Well, let me turn it in another way. As long as a man’s head is above water, you can’t drown his feet. And I may be the least of His saints, the very sole of His foot but as long as the head, my Master, Jesus is in heaven, I can’t be drowned. I can’t be lost. As long as our legal representative is in glory, we will not fail, our presence in that holy and heavenly sanctuary; isn’t that a wonderful thing?
Dear Lord, what if I was true to Thee in every way until the last day of my life, and then slipped and fell and I’d miss heaven? What if no matter how well I try; my life is characterized by lack and mistake, imperfection?

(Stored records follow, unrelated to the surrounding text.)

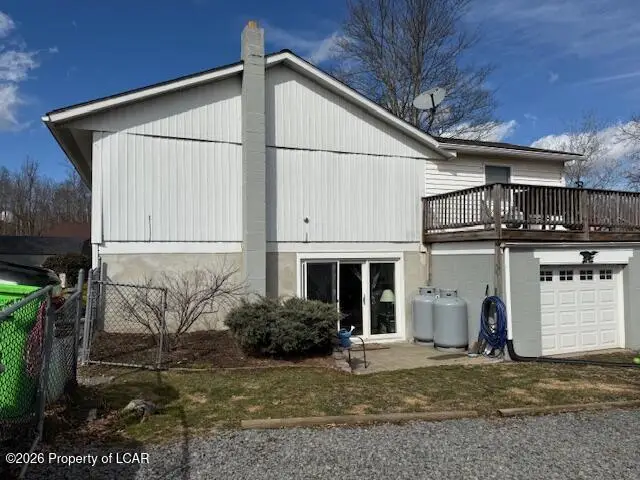 216 Holly Place, Tunkhannock, PA 18657 - #3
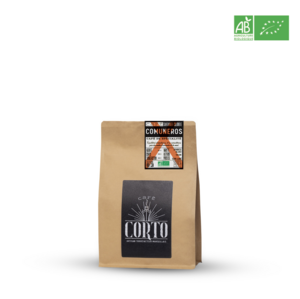 COLOMBIAN COFFEE | COMUNEROS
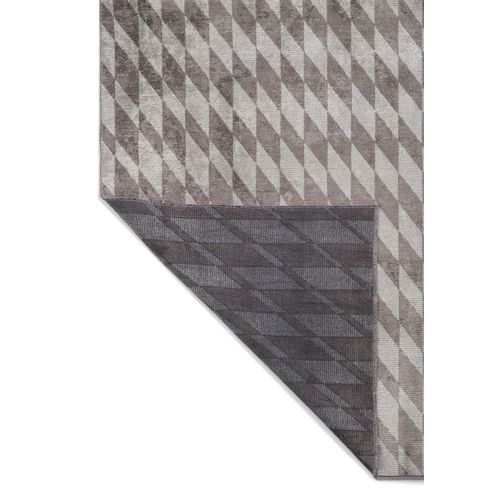 Tepih FUSION DARK GREY, 200 x 300 cm slika 3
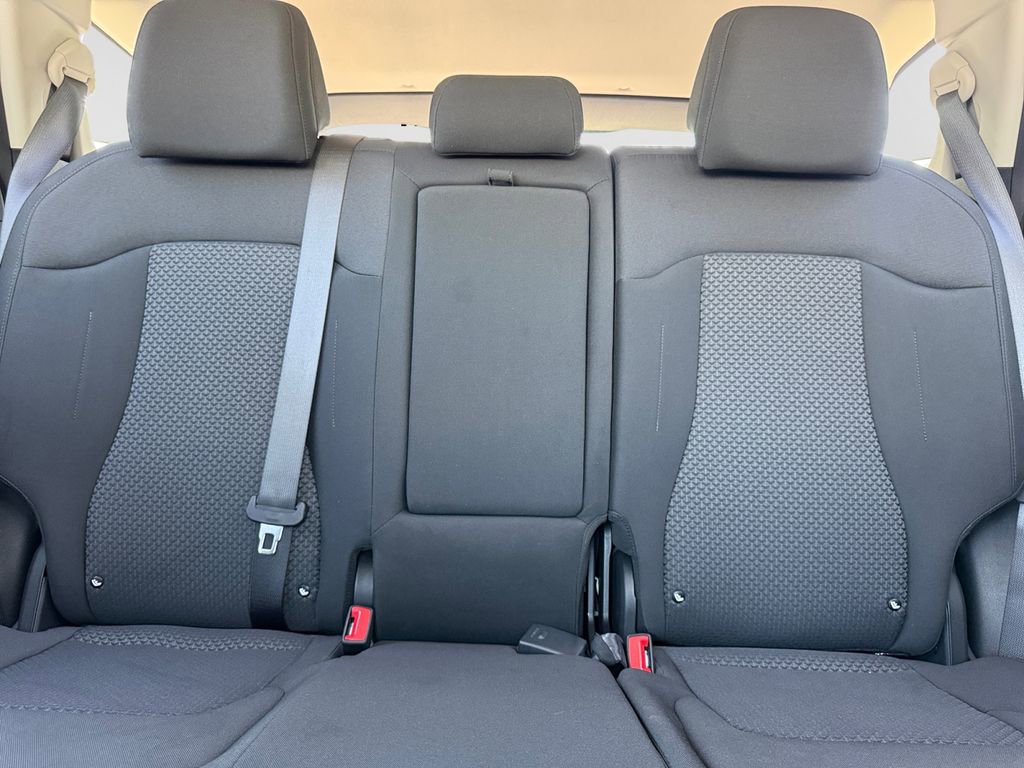 New 2026 Kia Sportage LX AWD/4WD image 16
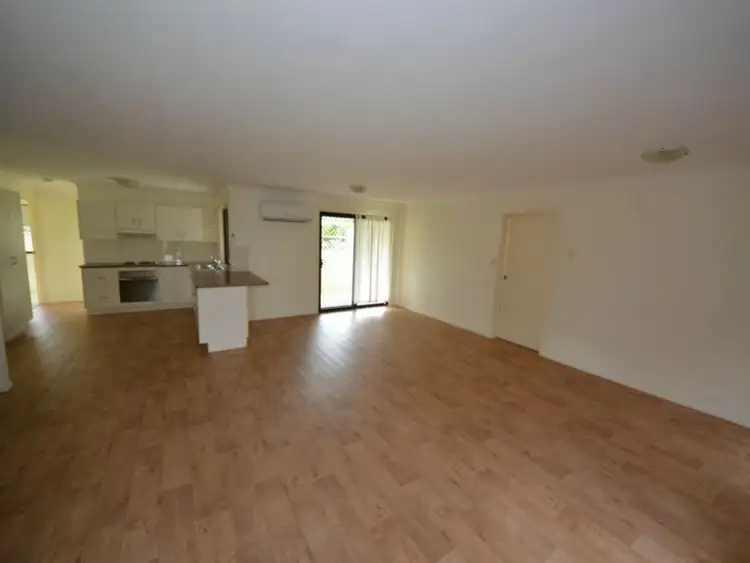 Fourth view of Homely house listing, 74 Johnson Road, Gracemere QLD 4702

Isn’t it wonderful to know that our Lord is in heaven and as the sermon next Sunday will be, making intercession for us? [Hebrews 7:25]. And as long as He is there we’re not going to be lost. As long as our Representative is beyond the veil, we’re there too [Hebrews 7:25]. And as long as He lives, we’ll live also. “Blessed assurance, Jesus is mine. O, what a foretaste of glory divine.” It’s a great gospel, if we just knew how to preach it, and how to say it, and how to present it. Now, may we stand together?
Our Lord, in Thy infinite grace and goodness, all the love that reached down for us, we could praise Thee forever and yet not encompass the boundless love of God in Christ Jesus for us lost sinners [Ephesians 3:19]. Thank Thee, Lord, for being our representative beyond the veil, our great Intercessor and Mediator and sympathetic High Priest in heaven [Hebrews 2:17-18].
In this moment when we wait, in a moment when we sing, to give your heart to the blessed Lord [Romans 10:9-10], put your life with us in this dear church; a family, a couple, or just you, while we pray and make appeal and sing this song, come.
And our Lord, thank Thee for the sweet harvest in Thy precious name, amen. While we sing, welcome. Welcome.